After the bombings, it becomes undeniable that even in France—a safe haven for African Americans since the Louisiana Purchase—there’s something profoundly wrong. We human beings do not seem to know how to coexist. After filming in Paris, Rita and I weave archival material into the story—Chomsky vs. Foucault, Harari, and Hannah Arendt, whose philosophy of intimacy and friendship the film ultimately celebrates. The space between any two people is the source of all hate and all love.
That’s what the film catalyzes around, this insight. The scariness of two people actually connecting.
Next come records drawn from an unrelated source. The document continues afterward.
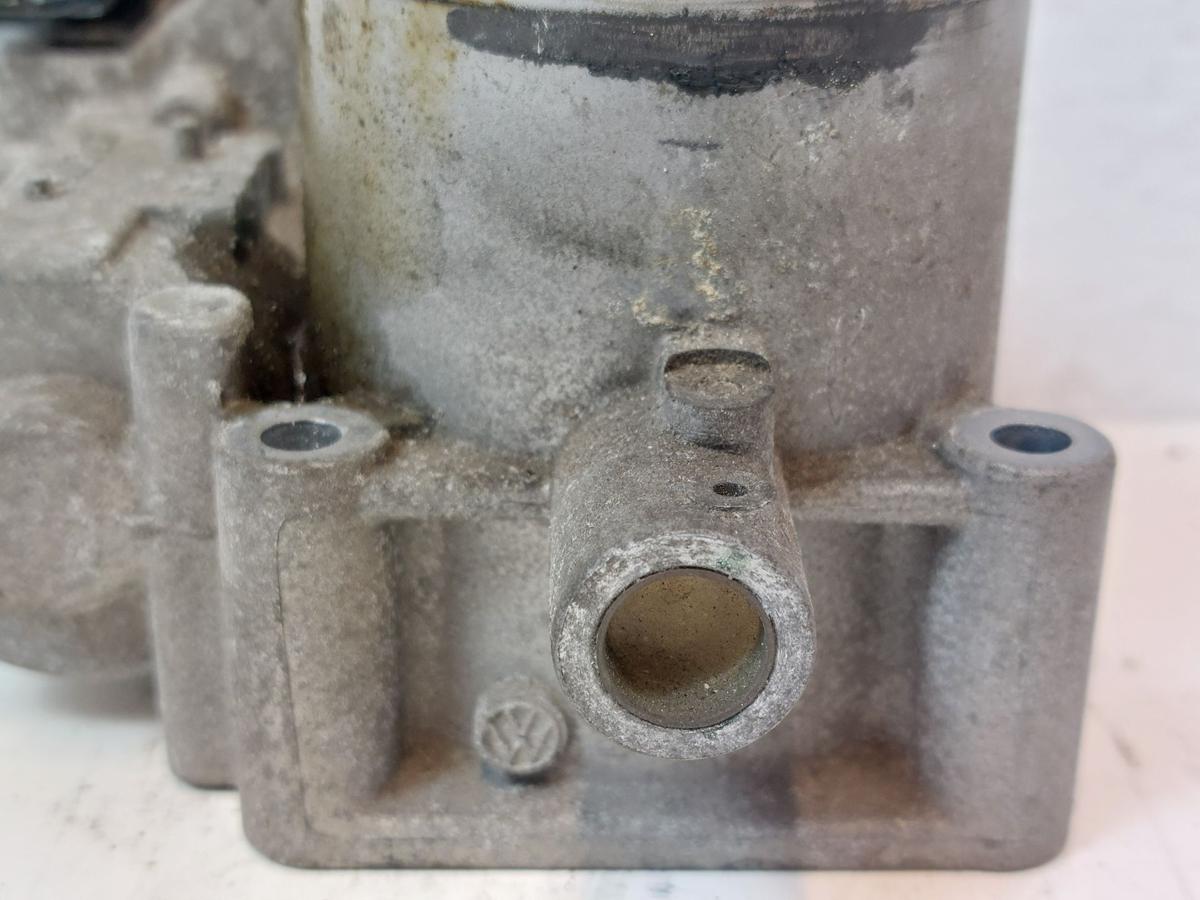 VW Polo 6R Drosselklappe 1.2TSI 66kw Drosselklappenstutzen OEM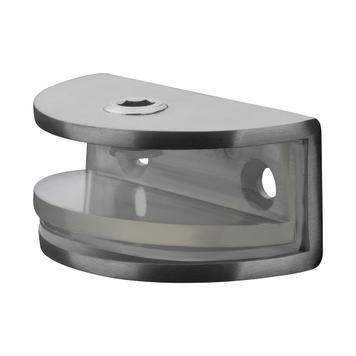 Flat Glass Holder for Wallmounting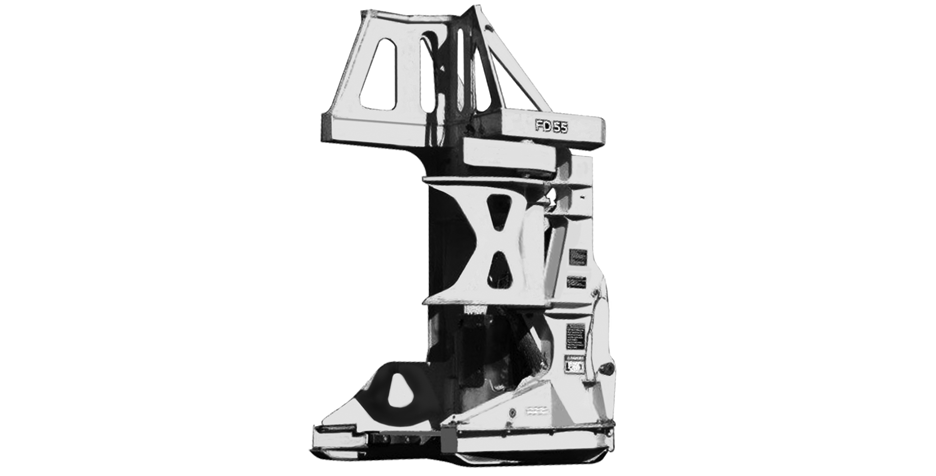 FD55 Disc Saw Felling Head (PIN: 1DWFD55X_ _0123456- )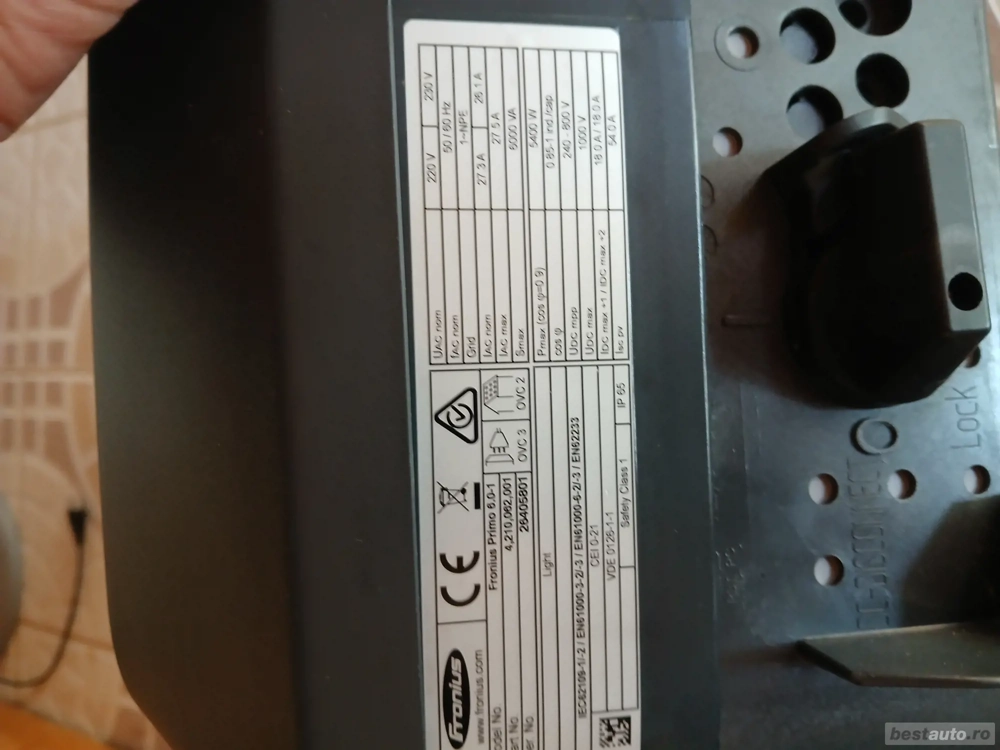 invertoare solare Fronius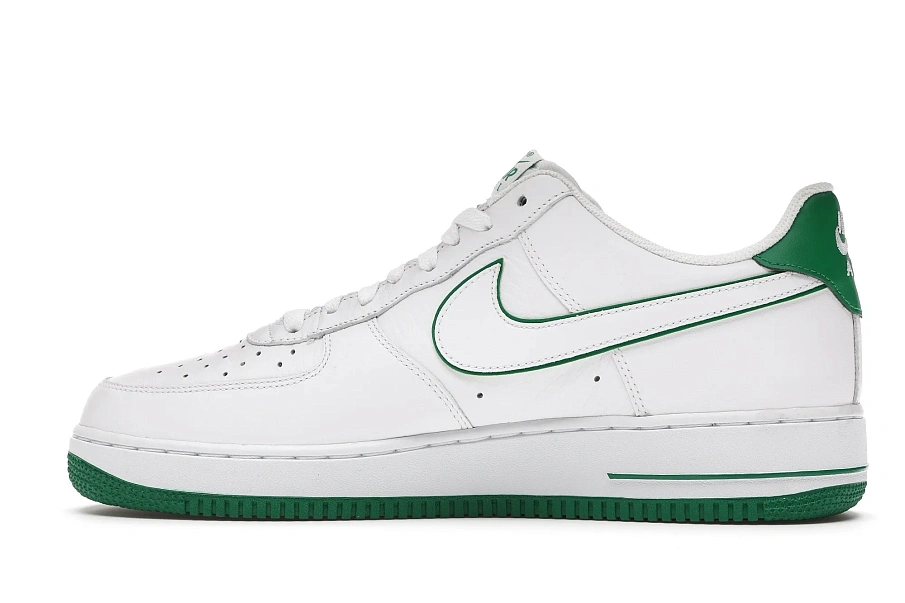 Фото № 5 с приближением к товару «‎Nike Air Force 1 Low White Court Green»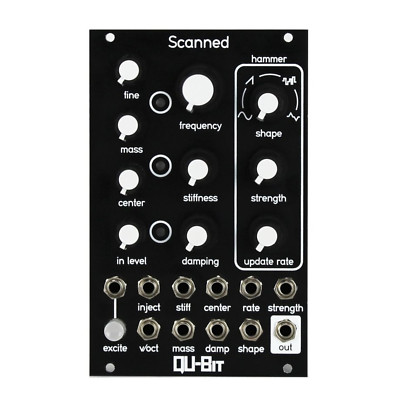 Qu-Bit gescannter organischer Wavetable Oszillator.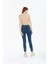 Snow Açık Kar Dar Paça Skinny Power Kot Pantalon 5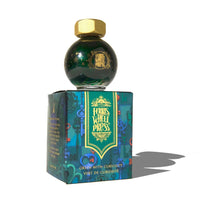 Fountain Pen Ink | FerriTales | Down the Rabbit Hole - Green with Curiosity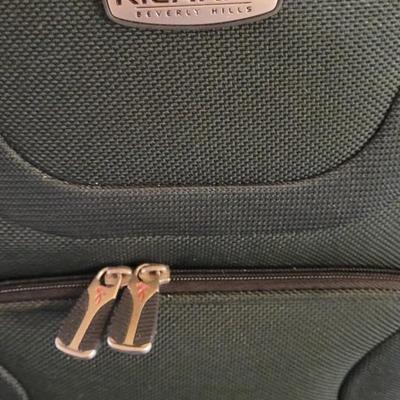 LUGGAGE CASES AND TWO TRAVEL BAGS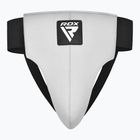 Protezione inguinale da uomo RDX R1 Arti Marziali bianco/nero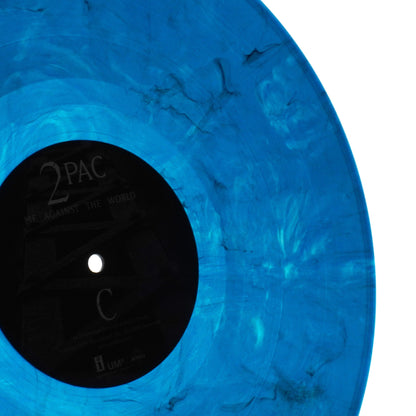 2Pac: Me Against The World - 30th Anniversary Edition (Colored Vinyl) Vinyl 2LP { vinyl }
CJ: And what about the other film?
DS: The other is about modernists and postmodernists (Melville, Dostoevsky, Nietzsche) trying to figure out how to be, how to conduct moral discourse, and how to exist in a universe in which there is no absolute authority. This idea that “if God is dead, everything is permitted.”
A couple of days before the 2018 midterm elections, at the NonfictionNOW conference in Phoenix, Robin Hemley, Nicole Walker, Erik Sather, and I asked writers and nonfiction professors questions like, “How do you know what you believe? Do you have any absolute beliefs? Is there such a thing as truth? What is nonfiction, and is it true? What do you think is the difference between truth and belief? If you have siblings, have they shown your view of the world to be flawed? Are you superstitious? Do you believe in ghosts? Why are you here and not canvassing for Stacy Abrams?”
The consensus answers, “I have no absolute beliefs except in art; there are no absolute truths other than that there is no truth; my sister and I are estranged; there are no ghosts except psychic luggage; I’m not canvassing for Abrams because all I finally care about is art.”
What no one was willing to talk about, and what the film addresses, is that what Kellyanne Conway, Trump, Giuliani, QAnon, Fox News, and others have done weaponizing the last 150 years of intellectual thought and philosophical investigation and post-Einsteinian physics and Saussurean linguistics and the “crisis” in nonfiction. If the perceiver by her very presence alters what’s perceived, then Steve Bannon, et al., are all quite consciously creating, on a day-by-day basis, a universe in which nothing is true—and thereby Trump and Putin and QAnon have successfully ended human discourse. Jeffrey Epstein hangs himself, and within minutes Trump tweets that the Clinton crime family is behind this. It’s based on nothing, but it’s a strategy that goes back to The Underground Man.
God is dead. Everything is permitted. Or is it?